For each line in the data that includes "serve", make a copy.

========================================

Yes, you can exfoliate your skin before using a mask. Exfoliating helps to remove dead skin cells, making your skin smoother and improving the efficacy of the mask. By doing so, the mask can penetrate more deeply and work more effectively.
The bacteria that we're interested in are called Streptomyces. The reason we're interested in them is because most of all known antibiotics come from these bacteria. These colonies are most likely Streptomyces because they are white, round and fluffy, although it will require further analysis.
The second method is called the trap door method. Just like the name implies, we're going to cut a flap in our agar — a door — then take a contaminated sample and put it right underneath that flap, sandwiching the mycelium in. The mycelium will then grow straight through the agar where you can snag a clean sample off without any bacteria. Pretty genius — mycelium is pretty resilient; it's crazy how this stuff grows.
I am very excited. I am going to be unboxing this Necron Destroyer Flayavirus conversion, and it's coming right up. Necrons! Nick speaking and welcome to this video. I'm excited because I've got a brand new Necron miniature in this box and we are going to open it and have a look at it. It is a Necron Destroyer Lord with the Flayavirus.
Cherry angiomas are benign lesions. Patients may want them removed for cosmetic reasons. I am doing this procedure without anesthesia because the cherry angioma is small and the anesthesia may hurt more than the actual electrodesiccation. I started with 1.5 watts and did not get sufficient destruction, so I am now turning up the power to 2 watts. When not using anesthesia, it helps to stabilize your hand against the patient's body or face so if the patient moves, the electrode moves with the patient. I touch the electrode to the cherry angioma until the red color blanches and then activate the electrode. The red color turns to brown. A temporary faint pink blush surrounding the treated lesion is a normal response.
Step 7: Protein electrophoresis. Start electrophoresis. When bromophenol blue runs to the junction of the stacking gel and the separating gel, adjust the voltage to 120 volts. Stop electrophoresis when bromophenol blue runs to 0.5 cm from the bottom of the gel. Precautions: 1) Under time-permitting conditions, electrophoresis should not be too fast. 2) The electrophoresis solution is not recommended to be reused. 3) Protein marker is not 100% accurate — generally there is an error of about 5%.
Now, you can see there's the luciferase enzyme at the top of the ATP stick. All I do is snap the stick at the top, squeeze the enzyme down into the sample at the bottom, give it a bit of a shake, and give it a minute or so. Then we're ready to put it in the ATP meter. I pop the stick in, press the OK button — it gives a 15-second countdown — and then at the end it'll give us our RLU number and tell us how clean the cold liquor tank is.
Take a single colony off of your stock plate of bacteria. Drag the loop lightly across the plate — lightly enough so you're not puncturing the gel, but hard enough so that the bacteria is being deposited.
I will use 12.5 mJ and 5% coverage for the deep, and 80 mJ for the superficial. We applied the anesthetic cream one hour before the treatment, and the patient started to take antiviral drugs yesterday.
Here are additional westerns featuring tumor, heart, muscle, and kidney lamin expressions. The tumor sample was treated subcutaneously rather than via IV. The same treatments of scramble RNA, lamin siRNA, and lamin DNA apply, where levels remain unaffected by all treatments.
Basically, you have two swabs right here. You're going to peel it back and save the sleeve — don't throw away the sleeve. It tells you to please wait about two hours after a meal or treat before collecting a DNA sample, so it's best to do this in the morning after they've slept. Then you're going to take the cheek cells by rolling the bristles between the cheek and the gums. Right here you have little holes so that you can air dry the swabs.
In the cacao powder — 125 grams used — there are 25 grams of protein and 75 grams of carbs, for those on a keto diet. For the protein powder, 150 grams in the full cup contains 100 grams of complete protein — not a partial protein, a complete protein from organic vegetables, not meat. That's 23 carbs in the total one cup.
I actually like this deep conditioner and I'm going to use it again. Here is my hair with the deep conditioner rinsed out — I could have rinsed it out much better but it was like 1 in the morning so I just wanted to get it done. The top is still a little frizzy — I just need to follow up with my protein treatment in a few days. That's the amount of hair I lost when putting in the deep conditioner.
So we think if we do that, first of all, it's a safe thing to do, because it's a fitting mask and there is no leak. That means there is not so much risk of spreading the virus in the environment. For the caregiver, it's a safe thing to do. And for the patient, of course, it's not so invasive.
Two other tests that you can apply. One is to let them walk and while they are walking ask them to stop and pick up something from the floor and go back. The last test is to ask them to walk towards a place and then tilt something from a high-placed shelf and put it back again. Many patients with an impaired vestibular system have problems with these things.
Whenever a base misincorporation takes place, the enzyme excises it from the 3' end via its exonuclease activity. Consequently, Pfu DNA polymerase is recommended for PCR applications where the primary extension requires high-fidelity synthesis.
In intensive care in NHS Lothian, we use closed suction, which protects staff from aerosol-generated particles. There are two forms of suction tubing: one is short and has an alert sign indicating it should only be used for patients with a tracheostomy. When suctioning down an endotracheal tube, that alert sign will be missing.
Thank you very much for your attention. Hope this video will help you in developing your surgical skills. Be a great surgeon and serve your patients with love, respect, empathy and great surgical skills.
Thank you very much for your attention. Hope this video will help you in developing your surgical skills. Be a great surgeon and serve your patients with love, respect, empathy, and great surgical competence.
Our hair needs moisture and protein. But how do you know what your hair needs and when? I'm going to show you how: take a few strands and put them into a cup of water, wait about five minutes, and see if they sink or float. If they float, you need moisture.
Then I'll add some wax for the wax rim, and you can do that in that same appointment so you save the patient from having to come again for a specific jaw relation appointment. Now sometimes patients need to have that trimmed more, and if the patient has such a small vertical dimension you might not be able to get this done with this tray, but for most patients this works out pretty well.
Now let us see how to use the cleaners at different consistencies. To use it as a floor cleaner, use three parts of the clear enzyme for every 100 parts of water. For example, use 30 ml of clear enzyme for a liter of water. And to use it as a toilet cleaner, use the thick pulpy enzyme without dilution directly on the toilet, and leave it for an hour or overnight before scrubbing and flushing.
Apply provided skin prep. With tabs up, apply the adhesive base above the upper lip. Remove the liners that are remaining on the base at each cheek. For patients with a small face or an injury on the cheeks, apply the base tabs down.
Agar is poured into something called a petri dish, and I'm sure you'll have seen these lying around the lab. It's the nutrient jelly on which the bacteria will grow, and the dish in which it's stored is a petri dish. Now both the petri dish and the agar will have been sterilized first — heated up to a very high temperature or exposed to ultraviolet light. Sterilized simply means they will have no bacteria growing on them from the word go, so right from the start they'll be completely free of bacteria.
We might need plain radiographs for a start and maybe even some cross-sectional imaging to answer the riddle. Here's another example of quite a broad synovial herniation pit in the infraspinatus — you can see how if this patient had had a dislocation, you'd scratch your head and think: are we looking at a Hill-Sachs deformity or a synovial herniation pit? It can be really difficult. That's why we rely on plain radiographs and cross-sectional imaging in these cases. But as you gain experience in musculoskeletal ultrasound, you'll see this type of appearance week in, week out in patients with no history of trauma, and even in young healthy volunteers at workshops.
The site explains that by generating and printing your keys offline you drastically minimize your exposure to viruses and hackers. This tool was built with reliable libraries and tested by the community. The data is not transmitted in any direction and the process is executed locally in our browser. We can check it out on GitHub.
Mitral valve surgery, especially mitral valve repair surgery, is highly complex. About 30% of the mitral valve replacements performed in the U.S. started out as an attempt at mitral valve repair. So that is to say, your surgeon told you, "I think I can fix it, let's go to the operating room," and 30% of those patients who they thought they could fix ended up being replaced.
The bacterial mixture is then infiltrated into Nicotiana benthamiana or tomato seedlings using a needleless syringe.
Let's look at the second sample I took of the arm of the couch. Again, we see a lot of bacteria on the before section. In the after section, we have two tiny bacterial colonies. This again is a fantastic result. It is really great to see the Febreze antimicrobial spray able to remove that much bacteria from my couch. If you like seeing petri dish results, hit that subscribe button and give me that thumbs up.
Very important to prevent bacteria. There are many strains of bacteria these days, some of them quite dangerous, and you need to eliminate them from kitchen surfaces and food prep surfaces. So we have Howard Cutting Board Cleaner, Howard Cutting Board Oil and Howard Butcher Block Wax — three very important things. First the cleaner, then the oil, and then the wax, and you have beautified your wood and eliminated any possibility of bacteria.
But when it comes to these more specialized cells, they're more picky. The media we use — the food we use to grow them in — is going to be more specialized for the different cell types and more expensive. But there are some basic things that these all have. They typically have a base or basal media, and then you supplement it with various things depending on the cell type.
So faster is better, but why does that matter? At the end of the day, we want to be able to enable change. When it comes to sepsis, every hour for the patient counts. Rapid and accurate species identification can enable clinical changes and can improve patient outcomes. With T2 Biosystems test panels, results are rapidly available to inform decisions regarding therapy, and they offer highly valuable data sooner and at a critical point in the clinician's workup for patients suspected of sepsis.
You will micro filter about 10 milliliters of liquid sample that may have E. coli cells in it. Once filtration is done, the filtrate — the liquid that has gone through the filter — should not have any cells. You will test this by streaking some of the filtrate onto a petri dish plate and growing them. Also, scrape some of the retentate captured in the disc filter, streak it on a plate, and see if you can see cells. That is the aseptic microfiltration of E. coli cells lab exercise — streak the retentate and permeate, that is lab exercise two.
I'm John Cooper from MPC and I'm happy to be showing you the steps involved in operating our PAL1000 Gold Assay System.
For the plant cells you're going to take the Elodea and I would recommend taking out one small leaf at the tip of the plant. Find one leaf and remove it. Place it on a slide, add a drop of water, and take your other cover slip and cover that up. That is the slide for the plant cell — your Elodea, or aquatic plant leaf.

========================================

* TASK SOLUTION *
Thank you very much for your attention. Hope this video will help you in developing your surgical skills. Be a great surgeon and serve your patients with love, respect, empathy and great surgical skills.
Thank you very much for your attention. Hope this video will help you in developing your surgical skills. Be a great surgeon and serve your patients with love, respect, empathy, and great surgical competence.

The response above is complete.